Desmond hadn’t been anywhere else in the state other than the Farm and the route he’d taken directly out of it, but he remembers flipping through a book about it’s geography in his dad’s study at a young age. Even back then, when he was still at least minimally in his father good graces - wherever that may be - or perhaps just too young to be expected to do much yet, it was like his hands physically ached for any information about the outside world. The Farm had always been suffocating, isolating. It had only grown more so, the older he’d gotten, until he’d finally been unable to bear it anymore, and fled the grasp of its looming walls. 

Well, there were plenty of reasons he’d left, but with the odd sensation of too small and not enough room, can’t breathe that is clawing at his chest, Desmond’s hard pressed to think of any of the others.  

He remembers, though, coming to the realization that South Dakota’s topography meant something else for him altogether. People - people from outside , civilians -  came here to soak up the sights and just plain walk through it all, simply because they had nothing better to do, or just because they wanted to. Which meant that, generally speaking, it wouldn’t exactly be out of the ordinary for a kid like him to be wandering through nature. Should anyone come across him, it would be easy to explain away his presence here. 

Which is what jump-started younger Desmond’s plans for running away. 

And even now, Desmond’s thankful for the information, and for the training he’d been forced to do throughout his childhood—it means less baby fat, making him look older rather than younger as most fourteen year olds that he’d seen outside the brotherhood tend to look. 

He tugs at the collar of the denim jacket he’s wearing and hooks his thumb out over the yellow line of the highway, waiting patiently. He’s been at this for hours now, and he can feel the pinching of hunger at the center of his stomach, though he’s so far kept himself from digging into his rations. He’d need them later, if he was unable to catch a ride to the nearest town and ended up having to stay the night in the woods. 

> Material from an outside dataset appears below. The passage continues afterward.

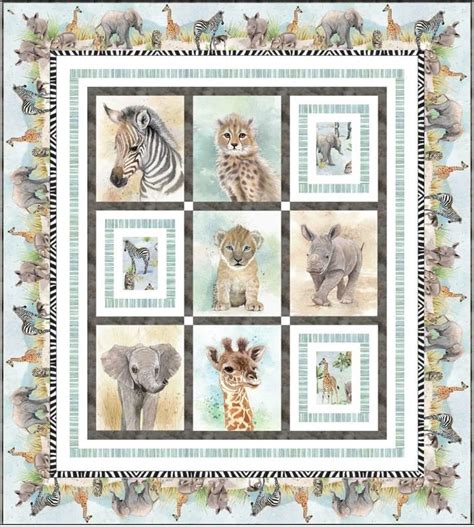 Baby Safari Animals Quilt Kit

Two semi trucks and one red volvo have already passed him by, but Desmond is patient. He’s had a lot of practice with waiting for things. He’d waited to leave the Farm. He’d waited for a real life for himself outside of the “cult” he’d been raised in. He’d waited for a chance to get off the streets. He’d waited through all the memories of his ancestors. He’d waited for whatever message the precursors had for him, whatever solution. 

To Desmond, it seems like he’d been waiting his entire life. He isn’t even sure what for, anymore. Then, he’d died, so… he supposes that it doesn’t actually matter, in the end. 

Maybe he’d been waiting to die. 

Another semi truck comes veering down the desolate highway. The squeal of the breaks kicking into gear catches his attention, and Desmond gives his himself a mental shake. He watches the truck roll slowly to a stop before him, and stares up at the passenger door. It flings itself open after a moment, and the driver peers down at him. 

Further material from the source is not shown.